With the overall insurance and reinsurance industry facing losses as high as $100 billion from recent hurricanes Harvey, Irma and Maria, as well as other third-quarter catastrophe events, the experience will provide the ILS market with a chance to “define the viability and effectiveness of the 144A product,” says David Priebe of Guy Carpenter.
The capital markets and ILS fund investors face paying a significant chunk of the overall industry loss from recent events, particularly hurricane Irma, and the aggregation of multiple loss events and large retrocession losses have provided the ILS market with a chance to learn from the past and improve its products for the future.
“The recent series of catastrophic events – earthquakes in Mexico, Hurricanes Harvey, Irma and Maria – is reminding cedents that reinsurance is also one of the most effective ways to protect corporate capital bases from these events,” explained David Priebe.
With alternative capital and ILS now a key component of the overall insurance risk capital stack, these events have provided the test some have been waiting for and an opportunity for the market to trade forward with learnings from these events to help improve the ILS market’s products.
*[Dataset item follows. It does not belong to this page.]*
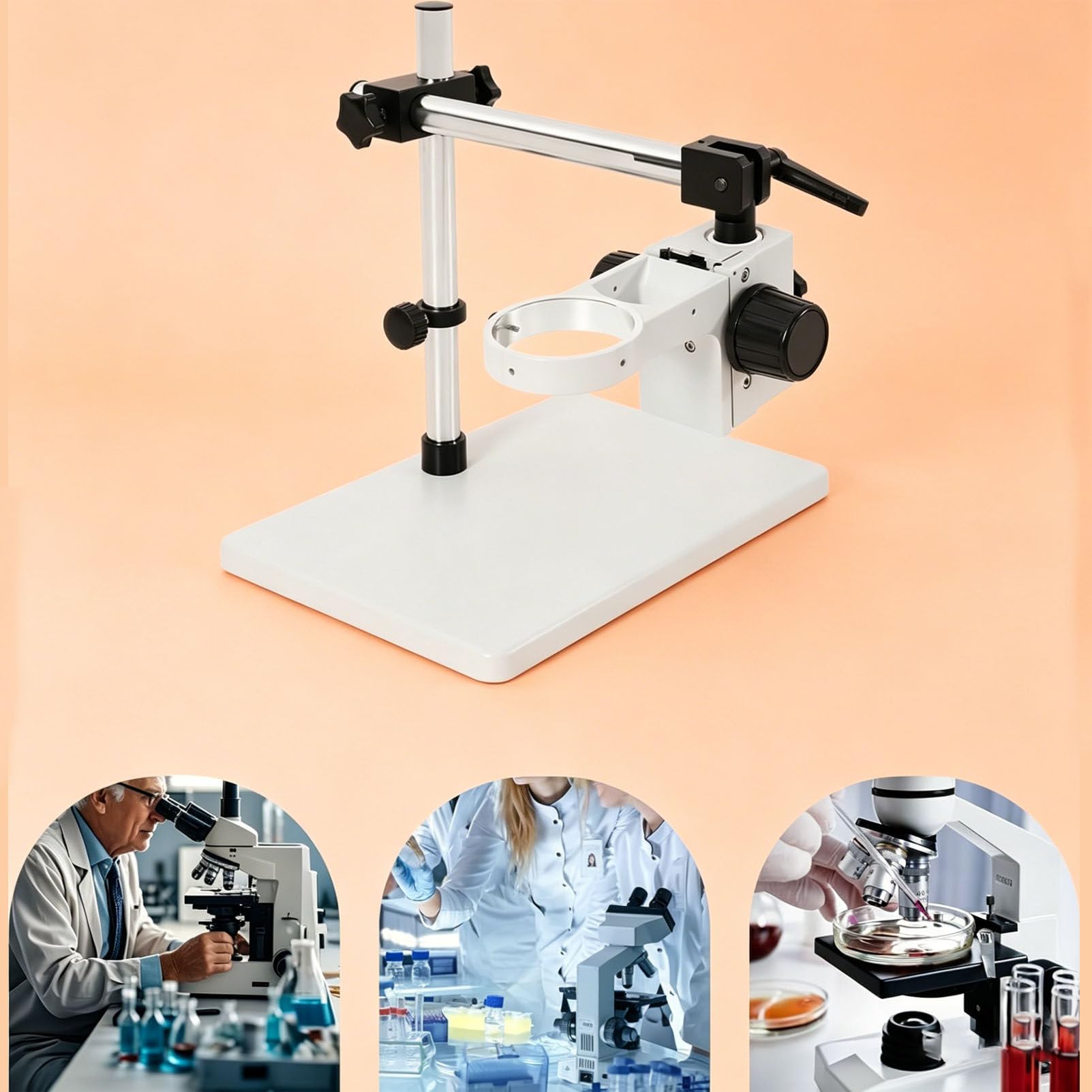 Mikroskopstativ mit Ausleger, 360° drehbares Stereomikroskopstativ mit Ausleger, 76 mm verstellbare Fokussierhalterung für Labor- und Inspektionszwecke Black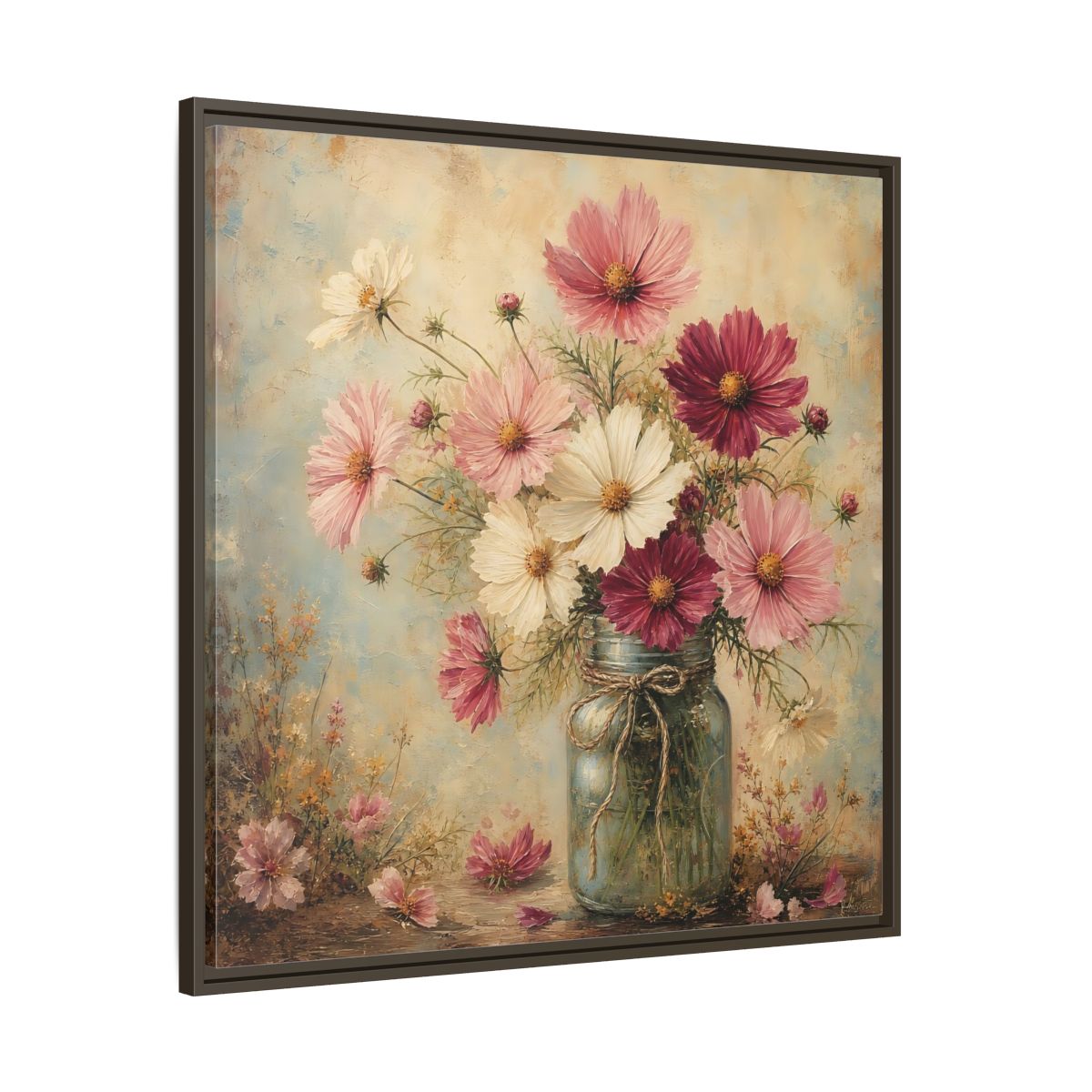 Main Mockup. Floral Cosmos Flowers Pink White Cosmos shown as stretched canvas wall art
Priebe explained, “The earthquake and hurricanes also provide an opportunity to define the viability and effectiveness of the 144A product. We expect that these instruments will demonstrate their effectiveness and serve their intended purpose.”
Learning from losses is vital for the future health of the ILS and catastrophe bond market, with recent hurricanes providing an ideal test of processes, claims paying and recapitalisation for most ILS managers.
The events have also tested terms and legal aspects of ILS structures, offering a chance to make enhancements where the biggest test in the market’s history exposes the need.
Preibe went on to explain that while major the recent losses will likely reinforce the value of reinsurance as a whole, as well as the important role ILS and the capital markets now play in the industry.
He explained, “Reinsurers have built up capital during the recent favorable years, while capital-market investors seeking non-correlated investments have put record amounts of money into catastrophe coverages.”
But he doesn’t expect extreme hardening of the market, “Harvey on its own is likely an earnings event that will probably not require an increase of industry capital; the addition of the cumulative effect of the earthquakes in Mexico and Hurricanes Irma and Maria, however, could create a capital event. Yet with abundant capacity – and, of course, depending on the final numbers – the aggregate impact may be a one-time firming of rates, halting decreases that recently began to moderate as reinsurers approached technical pricing floors.”
Priebe said that he expects the reinsurance sector to continue to trade forward as normal, with growth in reinsurance purchasing in all its forms to be expected, as the value of the products (alternative and traditional) are made clear by the recent catastrophe events.